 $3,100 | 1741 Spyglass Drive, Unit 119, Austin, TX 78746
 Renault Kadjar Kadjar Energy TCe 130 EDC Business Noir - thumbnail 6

...

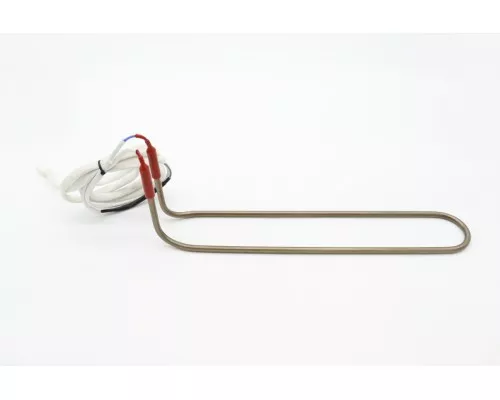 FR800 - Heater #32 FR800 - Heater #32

Work required
For the material above, reproduce exactly the lines from the line with "Austin, TX 78746" to the line with "Renault Kadjar Kadjar", inclusive, and exclude all others.

Solved problem
 $3,100 | 1741 Spyglass Drive, Unit 119, Austin, TX 78746
 Renault Kadjar Kadjar Energy TCe 130 EDC Business Noir - thumbnail 6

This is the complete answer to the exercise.